His unwillingness to confide in her was exasperating. She presumed he dared not admit to her that at some time in the past his courage had failed him. If that failure had saved his life, she was glad of it. What was it about gentle men that made them disdain their gentleness? She had always believed that her brother Tom’s desire to prove he wasn’t a coward had led to the death of the mildest, sweetest boy God ever made. She didn’t give a fig for Wesley’s valour, or lack of it. It wounded her that he did not understand her better than that. She waited for him to come to his senses.
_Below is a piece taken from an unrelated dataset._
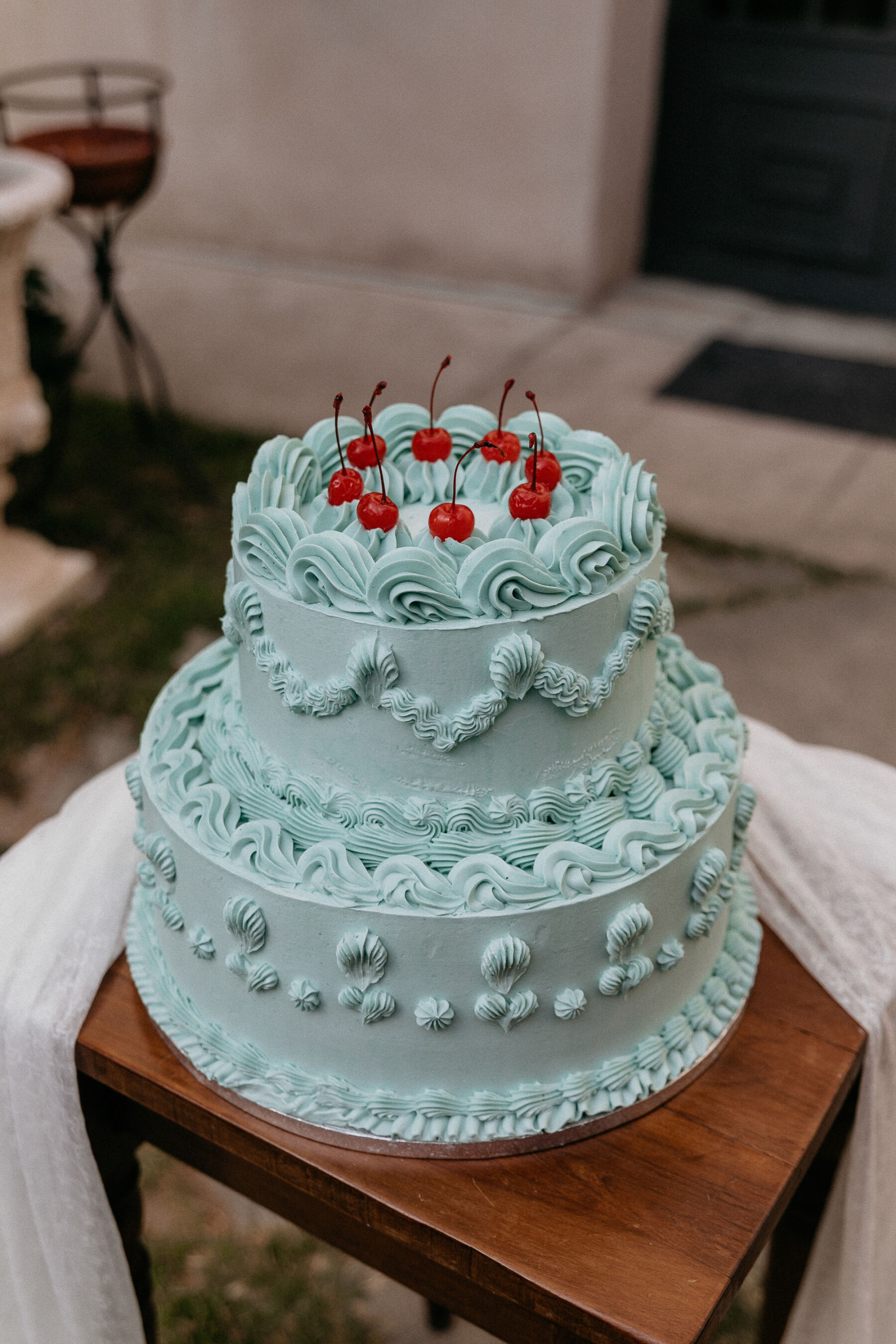 Fancy blue iced wedding cake topped with cherries.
And as she did, events overtook them. The Nez Perce came down into Montana and apprehension and terror spread as it had the previous year in the days after the Little Bighorn. People began to evacuate farms and ranches to huddle in the towns. The citizens of Fort Benton could talk of nothing else. Wesley began to pay frequent visits to Major Ilges for updates on what the Nez Perce were up to. He often spoke admiringly of the Indians’ pluck and daring, the speed with which they were covering ground in the race to Canada. The Army could not seem to keep pace with them. One day they were reported to be in the Yellowstone country; it was said they had relieved a party of English tourists of their elephant gun. What the Englishmen were doing with an elephant gun, Ada couldn’t fathom, but Wesley had delighted in dwelling on that incongruous detail. And then in the next twenty-four hours there were contradictory claims. Wesley said the Major had received news of four different sightings separated by hundreds of miles. It was Wesley’s opinion that either the Mongol Golden Horde had been mistaken for the Nez Perce, or the Indians could fly.